It doesn't matter how many or few they are, or whether other scientific means might or might not exonerate others today. There is no excuse for killing the possibly innocent, in cold blood, no matter how many genuine monsters simultaneously meet a seemingly deserved fate. "Thou shalt not kill" cuts both ways, as James, Gilbert and Pickett admirably argue and prove.
BOX SET PICK OF THE WEEK
Gary Cooper Warner Archive Bundle (A-)
U.S.; various directors, 1933-50, Warner Archive
Gary Cooper -- the "Yup"-saying cowpoke of The Virginian, the pacifist World War I hero/killer of Sergeant York and the beleaguered lawman facing an implacable deadline in High Noon -- was a stunningly handsome, quiet, beguilingly modest-acting actor who virtually defines Hollywood super-stardom in the big-studio Golden Age.

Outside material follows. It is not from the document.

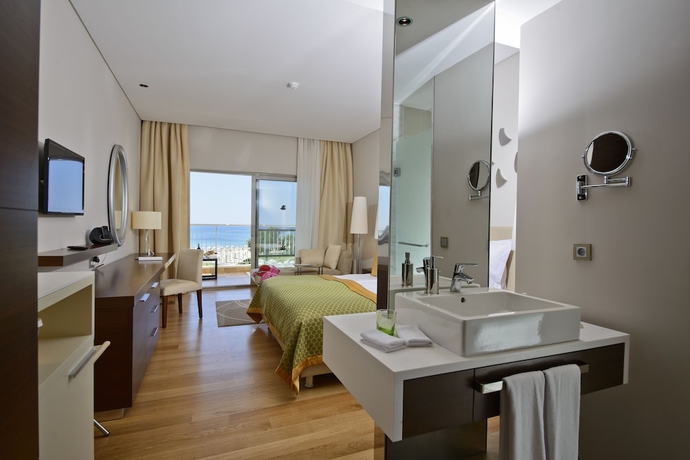 Imagen de la habitación del Hotel Akra Sorgun Tui Blue Sensatori - All Inclusive. Foto 11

The kind of actor born for the movies, he was a believable hero, a dream factory legend and a subtle under-actor who knew expertly just how to play to the camera. Here, Warner Archive offers, as a "bundle," without an actual box, six of Cooper's lesser seen, neglected but often fascinating vehicles, including three made in the early '30s, and three released in the postwar period. The directors include Howard Hawks, Michael Curtiz and that largely ignored master of the "Method," Richard Boleslawski.
Every one of these films is interesting, two are genuine rediscoveries (One Sunday Afternoon, Operator 13) and some of them (Today We Live, Saratoga Trunk, Bright Leaf) are seriously underrated. As was, for much of his career, Coop. (Warner Archive films are available online through warnerarchive.com.)
Includes:
Today We Live (A-)
U.S.; Howard Hawks, 1933
With Gary Cooper, Joan Crawford, Robert Young, Franchot Tone and Roscoe Karns. Co-written by William Faulkner, from his story Turnabout.
One Sunday Afternoon (B)
U.S.; Stephen Roberts, 1933
With Cooper, Fay Wray and Karns. Later remade by Raoul Walsh and Jimmy Cagney as Strawberry Blonde.
Operator 13 (A-)
U.S.; Richard Boleslawski, 1934
With Cooper, Marion Davies, Sidney Toler and the Mills Brothers.
Saratoga Trunk (A-)
U.S.; Sam Wood, 1946
With Ingrid Bergman, Flora Robson and Florence Bates.
Task Force (A-)
U.S.; Delmer Daves, 1949
With Cooper, Walter Brennan and Jane Wyatt.
Bright Leaf (A-)
U.S.; Michael Curtiz, 1950
With Cooper, Lauren Bacall, Patricia Neal, Jack Carson and Donald Crisp.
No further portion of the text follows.